Heidelberg.Der Leiter der Medizinischen Fakultät der Universität Heidelberg, Prof. Dr. Andreas Draguhn, tritt nach der Bluttest-Affäre zurück. Das teilte das Heidelberger Universitätsklinikum am Donnerstagnachmittag mit. Demnach habe Draguhn seinen Posten bereits am Mittwoch aufgekündigt. Draguhn  habe diesen Schritt dem Rektor der Universität Heidelberg, Prof. Dr. Bernhard Eitel, und dem Ministerium für Wissenschaft, Forschung und Kunst Baden-Württemberg in einem Schreiben offiziell mitgeteilt sowie die Professoren der Medizinischen Fakultät Heidelberg informiert.

Draguhn hatte das Amt des Dekans zum 1. Oktober 2018 als Nachfolger von Prof. Dr. Wolfgang Herzog angetreten. „Das Handeln des Dekans im Verlauf der HeiScreen-Affäre ist zum Gegenstand offizieller Untersuchungen geworden und wird in Teilen der Öffentlichkeit anhaltend kritisch diskutiert. Mit meinem Entschluss möchte ich hierfür die Verantwortung übernehmen und hoffe, damit dem Amt, der Fakultät und der Universität zu dienen“, so Draguhn, der weiterhin als Abteilungsleiter Neuro- und Sinnesphysiologie am Institut für Physiologie und Pathophysiologie der Medizinischen Fakultät Heidelberg tätig sein wird.

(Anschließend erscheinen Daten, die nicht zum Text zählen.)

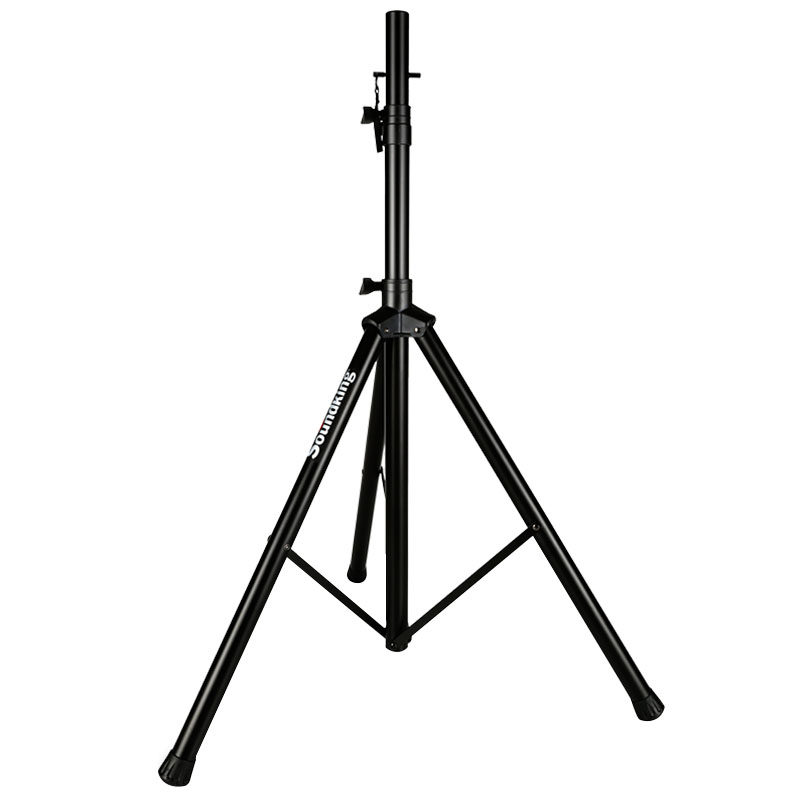 Soundking Audio Stand Professional Speaker Tripod Rack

Eine externe Kommission zur verfrühten Veröffentlichung eines möglichen Brustkrebs-Bluttests an der Uniklinik Heidelberg hatte am 16. Juli in einem Zwischenbericht "Führungsversagen, Machtmissbrauch und Eitelkeit" in der Klinik festgestellt.

Der Chef der Frauenklinik, Christof Sohn, hatte den Test Fachwelt und Öffentlichkeit als bald marktreifen Meilenstein bei der Brustkrebserkennung vorgestellt. Kritiker warfen ihm vor, angesichts fehlender Veröffentlichung in einer Fachzeitschrift und hoher Fehlerquoten unbegründete Erwartungen zu schüren.

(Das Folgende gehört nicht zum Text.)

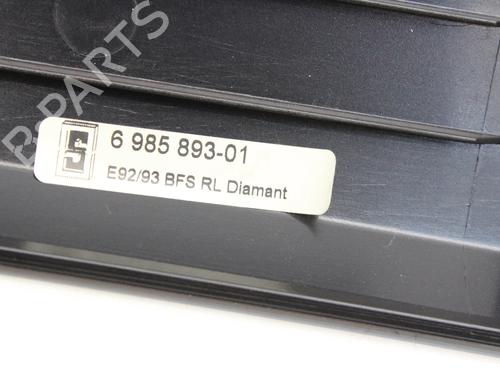 Other BMW 3 Coupe (E92) 335 d | BP39812212O1 - Image 10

Nach dem Rücktritt Draguhns wurden die anstehenden Amtsvorgänge an den Stellvertreter des Dekans, Prof. Dr. Hans-Georg Kräusslich, Abteilungsleiter Infektiologie und Virologie am Zentrum für Infektiologie des Universitätsklinikums Heidelberg, übergeben, heißt es in der Mitteilung des Universitätsklinikums.